The United Nations assumed control of Kosovo in June 1999. A Joint Interim Administrative Structure was established to allow Kosovo political and community leaders to be represented in decisions in January 2000. The KLA was disbanded and replaced by the Kosovo Protection Corps, a lightly armed civilian emergency response organization. On 31 January 2000, the interim administration in Kosovo was recognized, officially ending the Republic of Kosova.

==Government==

The system of governance in the Republic of Kosova was described in a constitution adopted in Kaçanik on 7 September 1990.

===National symbols===

The flag used by the Republic of Kosova was very similar to the flag of Albania, depicting a variant of the emblem on the same colored background.

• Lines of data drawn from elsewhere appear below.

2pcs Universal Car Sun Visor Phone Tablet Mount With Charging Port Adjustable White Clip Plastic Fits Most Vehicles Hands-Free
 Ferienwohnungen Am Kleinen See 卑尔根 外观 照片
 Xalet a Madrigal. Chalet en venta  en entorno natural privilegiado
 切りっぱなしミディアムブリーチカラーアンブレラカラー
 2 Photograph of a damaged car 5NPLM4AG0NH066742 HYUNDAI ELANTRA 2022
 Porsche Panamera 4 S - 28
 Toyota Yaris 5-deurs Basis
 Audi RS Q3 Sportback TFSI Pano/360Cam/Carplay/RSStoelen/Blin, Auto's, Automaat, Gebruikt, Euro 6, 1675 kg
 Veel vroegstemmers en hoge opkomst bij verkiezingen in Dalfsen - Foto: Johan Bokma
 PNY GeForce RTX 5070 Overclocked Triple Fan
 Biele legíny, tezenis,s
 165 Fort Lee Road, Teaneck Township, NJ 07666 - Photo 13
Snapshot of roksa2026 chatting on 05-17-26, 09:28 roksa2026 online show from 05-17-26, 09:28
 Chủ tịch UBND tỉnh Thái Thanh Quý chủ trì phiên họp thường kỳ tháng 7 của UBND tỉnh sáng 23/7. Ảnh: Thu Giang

The national emblem of the Republic of Kosova was a double headed eagle, which was depicted on the presidential seal.

Presidential seal

===Executive===
- President
The president of the Republic of Kosova was elected on 24 May 1992.

Political parties:

| No. | Portrait | Name | Took office | Left office | Time in office | Party |  | Election |
|---|---|---|---|---|---|---|---|---|
| 1 | Ibrahim Rugova | Ibrahim Rugova (1944–2006) | 25 January 1992 | 1 February 2000 | 8 years, 7 days |  | LDK | 1992 |

- Prime Minister

Political parties:

| No. | Portrait | Name (Birth–Death) | Term of office |  |  | Political party |
| Took office | Left office | Time in office |
| 1 | Jusuf Zejnullahu | Jusuf Zejnullahu (born 1944) | 7 September 1990 | 5 October 1991 | 1 year, 28 days | LDK |
| 2 | Bujar Bukoshi | Bujar Bukoshi (1947–2025) | 5 October 1991 | 1 February 2000 | 8 years, 119 days | LDK |
| — | Hashim Thaçi | Hashim Thaçi (born 1968) Provisional Prime Minister In opposition | 2 April 1999 | 1 February 2000 | 305 days | PDK |

- Other ministers

| Position | Name | Period | Notes |
|---|---|---|---|
| Defence Minister | Hajzer Hajzeraj | 1991–1993 |  |

- Cabinet

| Assumed office | Prime Minister | Composition | Cabinet | Election |
|---|---|---|---|---|
| 7 September 1990 | Jusuf Zejnullahu |  | Zejnullahu |  |
| 19 October 1991 | Bujar Bukoshi |  | Bukoshi | 1992 |
| 2 April 1999 | Hashim Thaçi | UÇK, LBD, LDK, LKÇK, PBD, PSHDK, SDA, UPSUP | Thaçi I |  |

===Legislature===
The Assembly of the Republic of Kosova was elected on 24 May 1992.

- Membership by party

- Chairman of the Assembly

| No. | Portrait | Name (Birth–Death) | Term of office |  |  | Political party |
| Took office | Left office | Time in office |
| Act. |  | Bujar Gjurgjeala (1946–2018) | 2 July 1990 | 7 September 1990 | 67 days | Independent |
| 1 |  | Ilaz Ramajli (born 1951) | 7 September 1990 | 25 May 1992 | 1 year, 261 days | Democratic League |
|  |  | Vacant | 25 May 1992 | 10 December 2001 | 9 years, 199 days |  |

| Party |  | Votes | % | Seats |
|  | Democratic League of Kosovo | 574,755 | 83.30 | 96 |
|  | Parliamentary Party of Kosovo | 36,549 | 5.30 | 14 |
|  | Peasant Party of Kosovo | 23,682 | 3.43 | 7 |
|  | Albanian Christian Democratic Party of Kosovo | 23,303 | 3.38 | 7 |
|  | Party of Democratic Action | 6,961 | 1.01 | 1 |
|  | Independents | 24,702 | 3.58 | 2 |
| Total |  | 689,952 | 100.00 | 127 |
Source: Source

== International relations ==
===Recognition===
The Republic of Kosova was recognised as an independent state by:
- Albania (22 October 1991)

==Sport==
A Basketball Federation of Kosovo was established in 1991 and an Olympic Committee of Kosovo was established in 1992.

In January 1993, the Football Federation of Kosovo signed a cooperation agreement with the Albanian Football Association and a team representing Kosovo played a friendly match against Albania in February 1993.